Appellant filed a rule 3.850 motion for postconviction relief raising six
claims—five claims of ineffective assistance of counsel and one claim of
cumulative error. The postconviction court held an evidentiary hearing on all of
the claims in the motion and thereafter issued an order ruling on only three of the
six claims. 1 Appellant filed a motion for rehearing in which he argued, among
other things, that the court was required to rule on all of the claims. The court
summarily denied the motion for rehearing.
On appeal, Appellant argues that the postconviction court erred by failing to
address all of the claims in his motion. See Fla. R. Crim. P. 3.850(f)(8)(C) (“The
order issued after the evidentiary hearing shall resolve all the claims in the motion .

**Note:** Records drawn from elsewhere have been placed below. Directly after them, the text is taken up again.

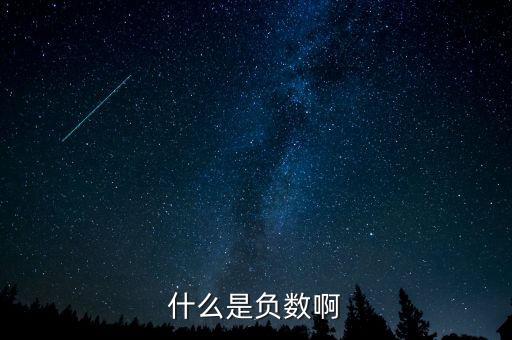 什么是負(fù)數(shù)啊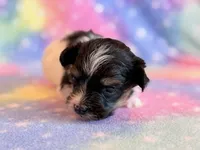 Charlotte, a female Maltipoo for sale in Hawarden, IA – Photo 3 of 7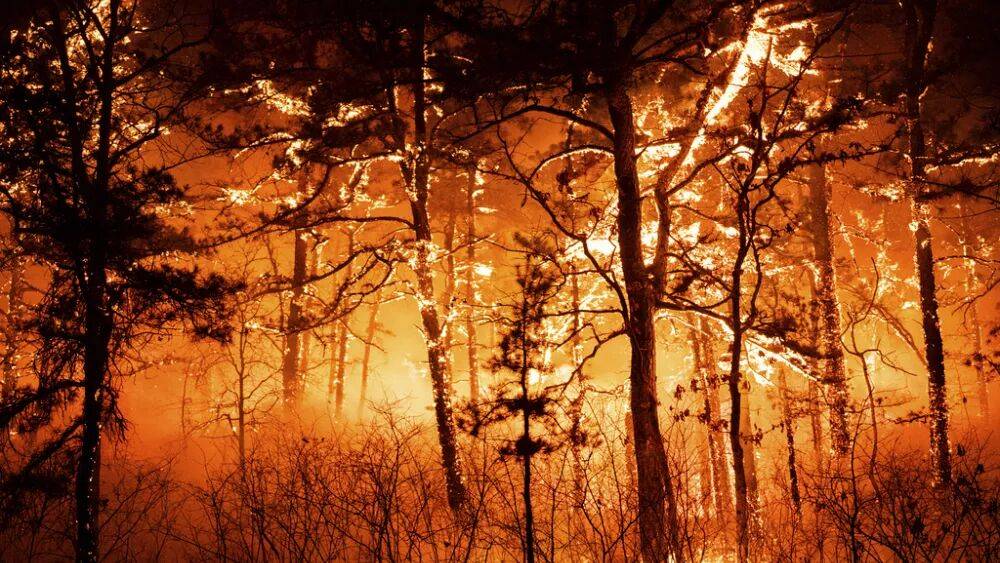 Первый природный пожар года бушует во французских Пиренеях
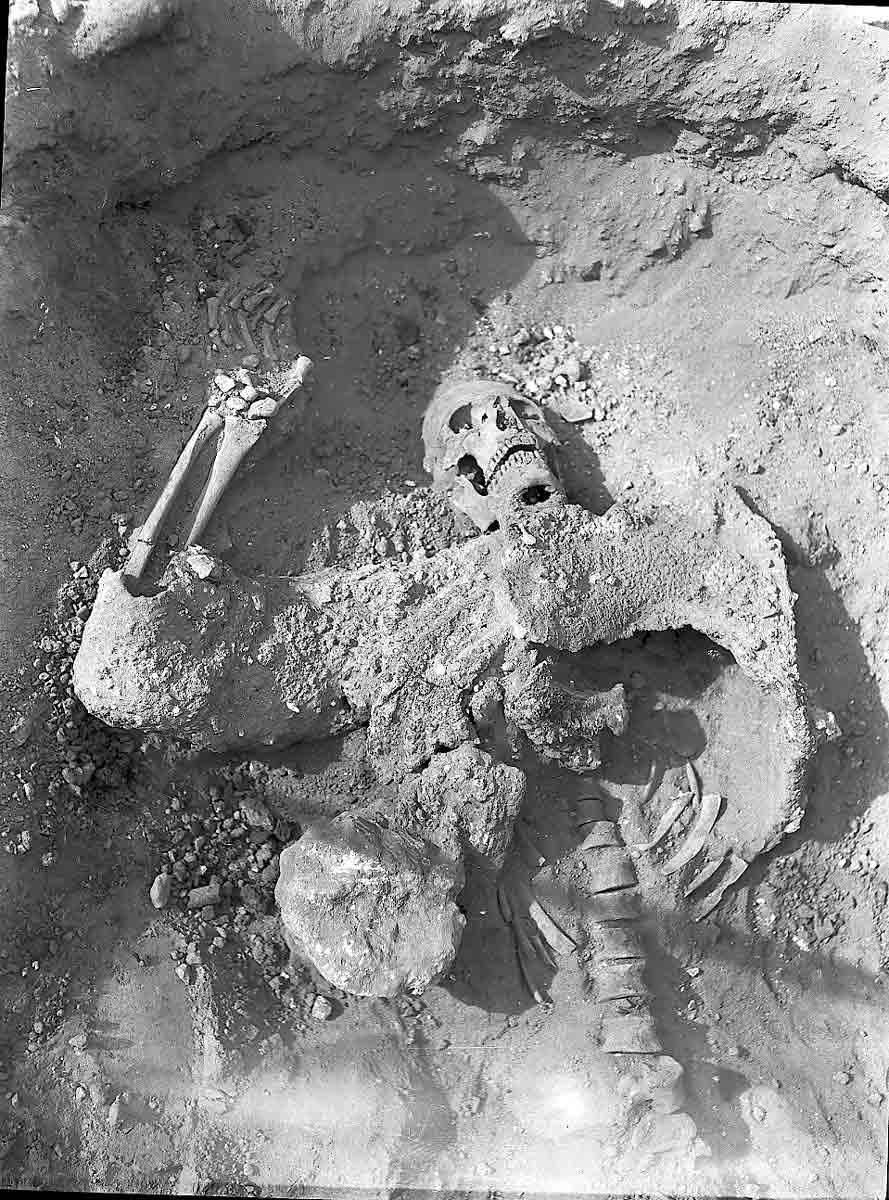 skeleton sasanian soldier
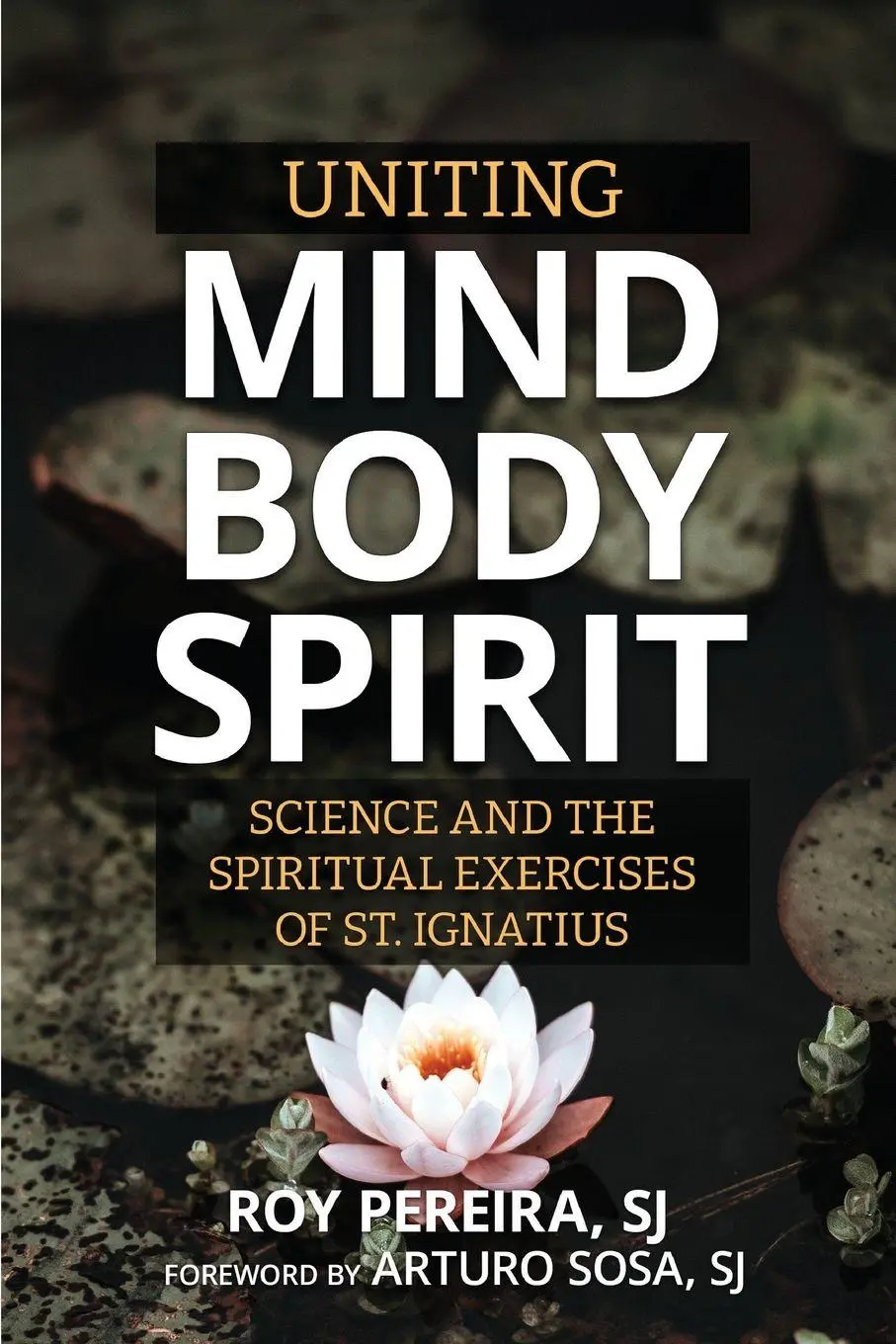 Cover: 9780809154852 | Uniting Mind, Body, Spirit | Roy Pereira | Taschenbuch | Englisch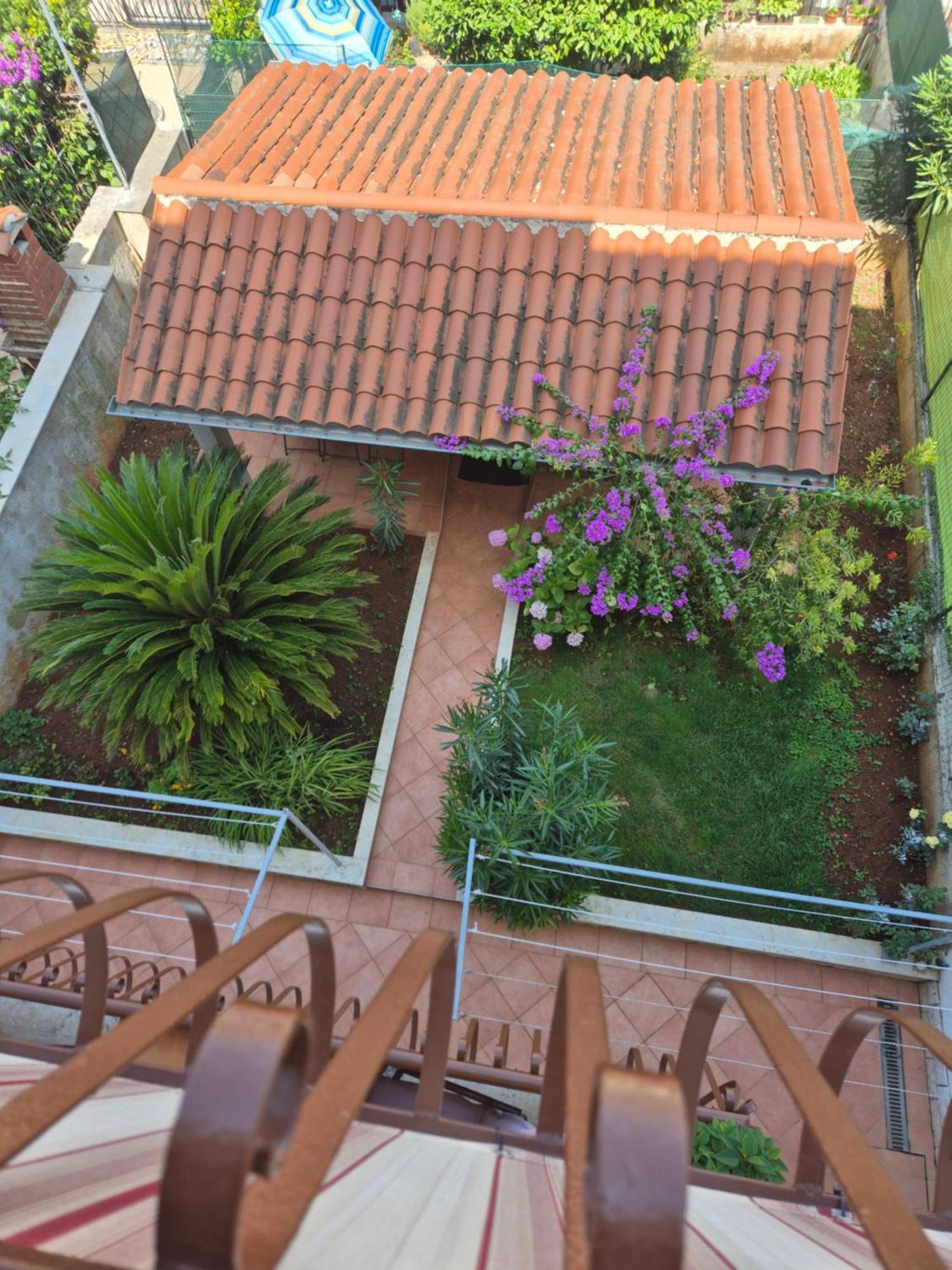 Antolovic Appartement *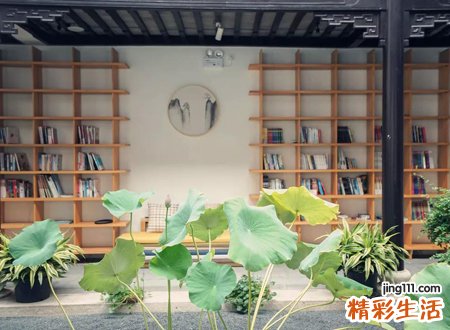 独特好听的姓夏的名字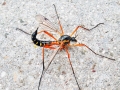 Ctenophora_pectinicornis_Weibchen.jpg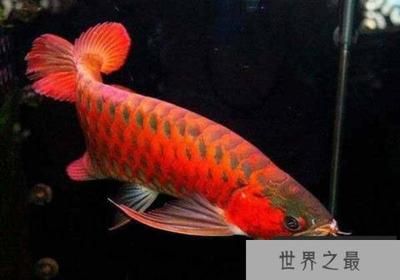 龍魚觀賞價值排名，龍魚觀賞價值排名，龍魚因其獨特的外觀和象征意義 龍魚百科 第4張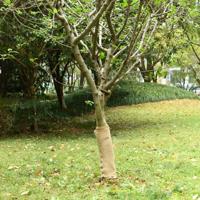 Jute rol 200 g/m 0,5x50 m 100% jute - thumbnail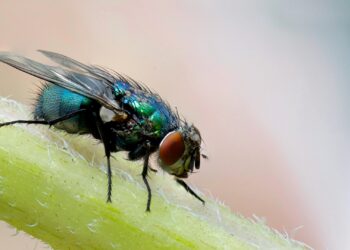 Foto: Philip Veater/Unsplash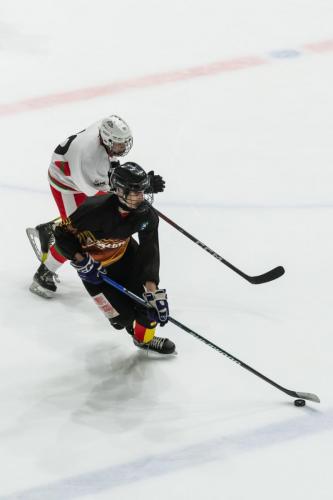 CESA_CAT-VASC(18may25)-1864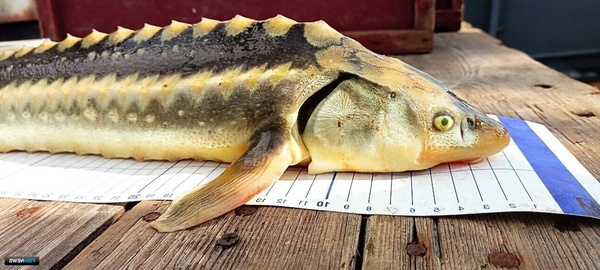 Осетр: король речных глубин и деликатес мирового уровня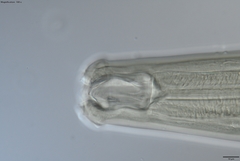Prionchulus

. . .”). However, as the State argues, we do not have jurisdiction to review the
order because it is not an appealable final order. See Lake v. State, 53 So. 3d
1125, 1126 (Fla. 1st DCA 2011) (“It is well-settled that an order disposing of
some, but not all of the claims in a motion for postconviction relief is not an
appealable final order.”); Fla. R. Crim. P. 3.850(f)(4) (“An order that does not
resolve all the claims is a nonfinal, nonappealable order . . . .”). Accordingly, we
dismiss this appeal without prejudice to Appellant filing an appeal of the final
order disposing of the remaining claims in his rule 3.850 motion.
DISMISSED.
WETHERELL, RAY, and MAKAR, JJ., CONCUR.
1
The order grouped together and ruled on the claims designated in the motion as
Grounds One, Two, and Three, but it did not address the claims designated as
Grounds Four, Five, and Six. This oversight is likely due to the fact that the post-
hearing memorandum filed by Appellant focused only on the first three grounds,
but the memorandum also stated that Appellant was not abandoning the other
grounds raised in the motion and addressed at the evidentiary hearing.